All manipulation in the GUI is done relative to textual representations of outline rows. For example, the user can touch a row to serve as the starting point for speaking the outline. Under this implementation, the subscriber can identify location of interest in the text file as displayed on the computing device and skip directly to the desired location. Another feature is the ability to skip over sections of the file through fast-forward or rewind functions. Skipping applies in two contexts. First, the user can skip over rows using fast forward/rewind or by touching a row to move the start-speaking point. In this context, the skipped rows are still active, they have just been bypassed as a result of user interaction. Second, by swiping on a row, or selecting the Skip All option on the Actions menu, the user can set rows or entire sections of the outline to not be spoken (to be skipped) when speaking the outline.
Support for external controls, such as the button on ear buds, can be used to start and stop the playing of the speech rendition. Other input/output features common to music replay may also be used without departure from the disclosed principles.

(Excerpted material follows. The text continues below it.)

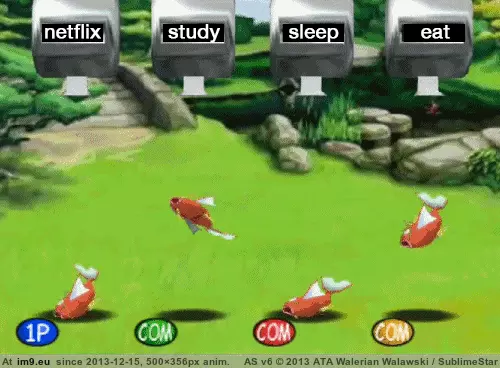 #Funny #Time #Finals #Spend #People #How [Funny] How People Actually Spend Time During Finals GIF (Изображение из альбом My r/FUNNY favs))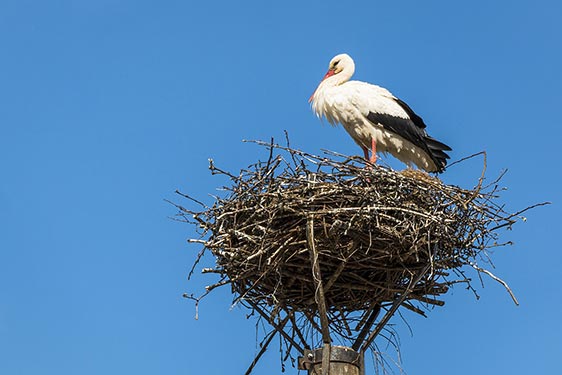 Stork i sitt bo ovanpå en skorsten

As stated, the disclosed embodiments may be implemented, in at least one embodiment, as an app on a portable device such as a smart phone. The following examples show functional features of the disclosed embodiment on an exemplary computing device.
Entering a value into the search field filters the list to include only outlines whose names or text contain the entered value. A single-tapping the NextView arrow on any row directs reader to Screen 2, shown in
Single-Tapping the Rewind and Fast Forward buttons, or single-tapping a row to move the Play-Start icon, work whether the outline is playing back or not. If it is playing, playback continues with the appropriate row. If not, the app moves the Play-Start icon to the appropriate row. Moving the Volume slider allows the user to change the volume for OutlinesOutloud without affecting the volume for other apps.
Additional settings can be implemented. For example, clicking a “gears” symbol can bring up Settings pane. This pane will give the user the ability to, among others, (1) set text color for Level 0 rows (the “top” level of the outline structure), and separately as a group, for all non-Level 0 rows; and (2) vary the speed of speech during outline playback, (3) toggle the use of derived row prefixes (such as “Roman Numeral xxx”), and select synchronization methods.
Regarding the exemplary embodiments of the present invention as shown and described herein, it will be appreciated that a system and associated methods for contextual text to speech conversion are disclosed. Because the principles of the invention may be practiced in a number of configurations beyond those shown and described, it is to be understood that the invention is not in any way limited by the exemplary embodiments, but is generally directed to a system and associated methods for contextual text to speech conversion and is able to take numerous forms to do so without departing from the spirit and scope of the invention. It will also be appreciated by those skilled in the art that the various features of each of the above-described embodiments may be combined in any logical manner and are intended to be included within the scope of the present invention.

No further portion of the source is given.